__Description of the task__:
Could you set down exactly the lines in the records below between the line holding "Evaluación del Riesgo" and the line holding "5 Inch Rosegold", inclusive?

__Records for the task__:
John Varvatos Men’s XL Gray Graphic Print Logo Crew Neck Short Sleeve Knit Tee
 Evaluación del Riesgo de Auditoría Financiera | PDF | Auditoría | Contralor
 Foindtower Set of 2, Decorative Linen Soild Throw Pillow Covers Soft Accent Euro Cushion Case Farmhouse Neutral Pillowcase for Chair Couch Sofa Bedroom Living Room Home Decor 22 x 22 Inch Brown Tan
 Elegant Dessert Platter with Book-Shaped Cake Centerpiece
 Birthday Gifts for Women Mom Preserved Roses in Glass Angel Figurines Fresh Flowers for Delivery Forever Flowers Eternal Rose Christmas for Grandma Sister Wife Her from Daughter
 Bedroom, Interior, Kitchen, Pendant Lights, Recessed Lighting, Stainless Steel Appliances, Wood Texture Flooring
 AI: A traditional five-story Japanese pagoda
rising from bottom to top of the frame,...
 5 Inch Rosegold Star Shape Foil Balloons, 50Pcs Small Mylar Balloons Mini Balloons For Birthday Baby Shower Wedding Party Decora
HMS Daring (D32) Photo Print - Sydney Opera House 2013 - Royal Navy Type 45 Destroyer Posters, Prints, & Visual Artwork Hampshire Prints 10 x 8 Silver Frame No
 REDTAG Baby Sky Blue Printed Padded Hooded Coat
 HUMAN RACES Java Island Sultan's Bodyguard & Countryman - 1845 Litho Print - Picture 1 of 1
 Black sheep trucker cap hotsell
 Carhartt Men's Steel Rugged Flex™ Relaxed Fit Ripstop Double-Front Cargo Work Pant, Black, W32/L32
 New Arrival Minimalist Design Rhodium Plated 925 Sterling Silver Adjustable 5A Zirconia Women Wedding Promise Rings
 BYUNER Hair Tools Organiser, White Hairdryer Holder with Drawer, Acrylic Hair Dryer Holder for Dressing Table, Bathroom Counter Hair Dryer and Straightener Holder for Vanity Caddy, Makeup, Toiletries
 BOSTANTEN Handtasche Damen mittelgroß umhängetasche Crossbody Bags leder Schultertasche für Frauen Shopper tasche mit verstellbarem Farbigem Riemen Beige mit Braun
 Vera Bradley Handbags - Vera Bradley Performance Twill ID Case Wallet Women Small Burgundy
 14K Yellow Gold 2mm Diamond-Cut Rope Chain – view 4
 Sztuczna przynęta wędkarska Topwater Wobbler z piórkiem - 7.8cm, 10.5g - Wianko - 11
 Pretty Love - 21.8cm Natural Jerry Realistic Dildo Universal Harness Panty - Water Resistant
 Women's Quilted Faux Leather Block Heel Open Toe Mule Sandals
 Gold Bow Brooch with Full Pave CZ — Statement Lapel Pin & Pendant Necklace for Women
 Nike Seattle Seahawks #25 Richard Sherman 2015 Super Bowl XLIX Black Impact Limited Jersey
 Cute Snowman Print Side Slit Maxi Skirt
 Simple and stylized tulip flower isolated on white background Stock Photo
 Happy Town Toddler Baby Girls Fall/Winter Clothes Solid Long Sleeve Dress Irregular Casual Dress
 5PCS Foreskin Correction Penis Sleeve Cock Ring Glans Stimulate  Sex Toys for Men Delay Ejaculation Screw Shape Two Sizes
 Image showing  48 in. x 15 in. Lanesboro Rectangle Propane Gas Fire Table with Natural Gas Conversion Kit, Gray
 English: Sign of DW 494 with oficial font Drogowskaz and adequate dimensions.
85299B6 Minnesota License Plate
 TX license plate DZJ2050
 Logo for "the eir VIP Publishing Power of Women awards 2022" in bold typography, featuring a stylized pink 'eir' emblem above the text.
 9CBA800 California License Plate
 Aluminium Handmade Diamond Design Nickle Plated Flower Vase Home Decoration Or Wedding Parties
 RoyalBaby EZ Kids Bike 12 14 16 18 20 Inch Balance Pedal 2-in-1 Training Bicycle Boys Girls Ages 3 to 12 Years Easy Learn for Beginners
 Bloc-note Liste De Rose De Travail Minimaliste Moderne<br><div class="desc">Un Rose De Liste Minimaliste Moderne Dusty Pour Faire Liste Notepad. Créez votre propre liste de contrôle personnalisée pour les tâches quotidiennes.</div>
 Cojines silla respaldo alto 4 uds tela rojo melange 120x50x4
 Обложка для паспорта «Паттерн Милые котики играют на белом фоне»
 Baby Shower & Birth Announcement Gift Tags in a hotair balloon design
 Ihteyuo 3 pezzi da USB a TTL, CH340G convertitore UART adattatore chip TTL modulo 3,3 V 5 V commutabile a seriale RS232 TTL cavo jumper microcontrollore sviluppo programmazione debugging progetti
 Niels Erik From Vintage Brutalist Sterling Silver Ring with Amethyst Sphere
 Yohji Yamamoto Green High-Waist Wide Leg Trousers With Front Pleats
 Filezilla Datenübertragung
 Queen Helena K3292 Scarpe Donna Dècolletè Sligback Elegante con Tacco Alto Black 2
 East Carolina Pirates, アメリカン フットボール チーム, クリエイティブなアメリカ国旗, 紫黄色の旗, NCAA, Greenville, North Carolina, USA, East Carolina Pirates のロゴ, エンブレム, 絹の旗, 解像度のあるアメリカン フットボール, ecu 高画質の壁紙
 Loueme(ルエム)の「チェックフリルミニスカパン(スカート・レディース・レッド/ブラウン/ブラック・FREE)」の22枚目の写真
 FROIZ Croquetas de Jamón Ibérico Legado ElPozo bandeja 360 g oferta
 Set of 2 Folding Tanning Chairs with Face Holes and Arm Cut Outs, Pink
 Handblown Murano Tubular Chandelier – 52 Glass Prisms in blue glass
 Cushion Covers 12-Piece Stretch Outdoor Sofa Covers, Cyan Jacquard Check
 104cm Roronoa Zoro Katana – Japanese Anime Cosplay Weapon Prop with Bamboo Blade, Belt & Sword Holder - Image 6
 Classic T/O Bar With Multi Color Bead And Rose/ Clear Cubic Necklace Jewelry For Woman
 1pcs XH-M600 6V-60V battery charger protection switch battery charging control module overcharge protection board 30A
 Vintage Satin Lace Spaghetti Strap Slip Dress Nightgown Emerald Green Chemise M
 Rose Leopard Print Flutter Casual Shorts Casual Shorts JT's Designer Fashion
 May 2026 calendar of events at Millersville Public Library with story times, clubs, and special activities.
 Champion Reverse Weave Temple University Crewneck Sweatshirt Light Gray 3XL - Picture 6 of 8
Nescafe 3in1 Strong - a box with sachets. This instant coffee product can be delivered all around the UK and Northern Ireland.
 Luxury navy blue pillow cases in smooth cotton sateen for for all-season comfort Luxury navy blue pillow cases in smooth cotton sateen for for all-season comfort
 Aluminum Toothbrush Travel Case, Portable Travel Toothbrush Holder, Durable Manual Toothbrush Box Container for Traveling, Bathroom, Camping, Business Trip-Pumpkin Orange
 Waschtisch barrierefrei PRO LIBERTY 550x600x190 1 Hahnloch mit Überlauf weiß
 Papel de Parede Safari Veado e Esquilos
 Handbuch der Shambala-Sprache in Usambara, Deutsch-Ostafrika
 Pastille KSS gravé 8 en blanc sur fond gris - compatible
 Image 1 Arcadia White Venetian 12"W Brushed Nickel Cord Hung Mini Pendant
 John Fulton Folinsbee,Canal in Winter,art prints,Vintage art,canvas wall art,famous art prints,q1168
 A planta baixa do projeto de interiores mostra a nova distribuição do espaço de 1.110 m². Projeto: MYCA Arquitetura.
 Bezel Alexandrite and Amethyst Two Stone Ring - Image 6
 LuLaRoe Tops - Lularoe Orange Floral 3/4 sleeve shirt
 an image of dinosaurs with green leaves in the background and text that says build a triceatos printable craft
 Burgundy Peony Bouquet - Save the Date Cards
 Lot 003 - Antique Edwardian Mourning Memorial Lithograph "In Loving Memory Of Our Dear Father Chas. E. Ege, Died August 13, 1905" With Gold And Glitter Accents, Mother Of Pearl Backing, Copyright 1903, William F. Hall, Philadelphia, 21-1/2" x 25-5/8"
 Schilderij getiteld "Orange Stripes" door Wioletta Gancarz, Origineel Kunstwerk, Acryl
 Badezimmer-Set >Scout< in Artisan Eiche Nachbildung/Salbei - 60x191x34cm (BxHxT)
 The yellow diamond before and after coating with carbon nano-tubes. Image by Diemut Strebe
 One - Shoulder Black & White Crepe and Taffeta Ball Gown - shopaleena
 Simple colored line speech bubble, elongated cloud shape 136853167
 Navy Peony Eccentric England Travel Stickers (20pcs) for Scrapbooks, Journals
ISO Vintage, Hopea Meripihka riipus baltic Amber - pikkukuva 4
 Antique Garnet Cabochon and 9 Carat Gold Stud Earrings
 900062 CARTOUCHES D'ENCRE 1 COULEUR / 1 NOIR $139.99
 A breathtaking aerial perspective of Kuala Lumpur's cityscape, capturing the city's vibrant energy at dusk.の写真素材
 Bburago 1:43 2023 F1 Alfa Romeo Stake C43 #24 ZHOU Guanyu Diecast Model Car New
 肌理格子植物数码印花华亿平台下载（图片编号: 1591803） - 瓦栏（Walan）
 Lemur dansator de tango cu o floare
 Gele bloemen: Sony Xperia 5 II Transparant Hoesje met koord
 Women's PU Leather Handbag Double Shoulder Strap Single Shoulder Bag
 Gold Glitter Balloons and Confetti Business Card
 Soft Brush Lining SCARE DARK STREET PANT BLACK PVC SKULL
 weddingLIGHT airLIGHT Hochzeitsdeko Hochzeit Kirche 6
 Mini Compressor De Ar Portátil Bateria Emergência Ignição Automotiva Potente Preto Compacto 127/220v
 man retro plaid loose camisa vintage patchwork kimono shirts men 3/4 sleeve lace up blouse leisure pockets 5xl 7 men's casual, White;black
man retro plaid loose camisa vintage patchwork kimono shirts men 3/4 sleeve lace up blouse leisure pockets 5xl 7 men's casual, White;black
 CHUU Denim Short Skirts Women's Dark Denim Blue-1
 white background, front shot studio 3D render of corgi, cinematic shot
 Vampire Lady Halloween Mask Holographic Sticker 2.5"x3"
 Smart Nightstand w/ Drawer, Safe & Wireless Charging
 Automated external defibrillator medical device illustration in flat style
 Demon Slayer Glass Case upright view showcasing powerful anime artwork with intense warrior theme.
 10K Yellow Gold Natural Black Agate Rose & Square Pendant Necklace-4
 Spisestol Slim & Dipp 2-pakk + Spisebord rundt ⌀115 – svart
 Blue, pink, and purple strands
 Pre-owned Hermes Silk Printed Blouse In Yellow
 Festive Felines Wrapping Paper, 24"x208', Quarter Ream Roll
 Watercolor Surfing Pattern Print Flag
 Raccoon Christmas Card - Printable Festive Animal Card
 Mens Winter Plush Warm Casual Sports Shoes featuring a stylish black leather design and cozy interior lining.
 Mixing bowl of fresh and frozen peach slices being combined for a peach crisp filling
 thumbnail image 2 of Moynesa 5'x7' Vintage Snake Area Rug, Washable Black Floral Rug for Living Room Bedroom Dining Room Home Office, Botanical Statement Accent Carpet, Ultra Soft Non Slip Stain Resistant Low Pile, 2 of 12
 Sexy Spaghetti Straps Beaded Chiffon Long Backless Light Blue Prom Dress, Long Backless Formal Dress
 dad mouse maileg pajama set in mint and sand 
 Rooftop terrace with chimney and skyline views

__Exercise solution__:
 Evaluación del Riesgo de Auditoría Financiera | PDF | Auditoría | Contralor
 Foindtower Set of 2, Decorative Linen Soild Throw Pillow Covers Soft Accent Euro Cushion Case Farmhouse Neutral Pillowcase for Chair Couch Sofa Bedroom Living Room Home Decor 22 x 22 Inch Brown Tan
 Elegant Dessert Platter with Book-Shaped Cake Centerpiece
 Birthday Gifts for Women Mom Preserved Roses in Glass Angel Figurines Fresh Flowers for Delivery Forever Flowers Eternal Rose Christmas for Grandma Sister Wife Her from Daughter
 Bedroom, Interior, Kitchen, Pendant Lights, Recessed Lighting, Stainless Steel Appliances, Wood Texture Flooring
 AI: A traditional five-story Japanese pagoda
rising from bottom to top of the frame,...
 5 Inch Rosegold Star Shape Foil Balloons, 50Pcs Small Mylar Balloons Mini Balloons For Birthday Baby Shower Wedding Party Decora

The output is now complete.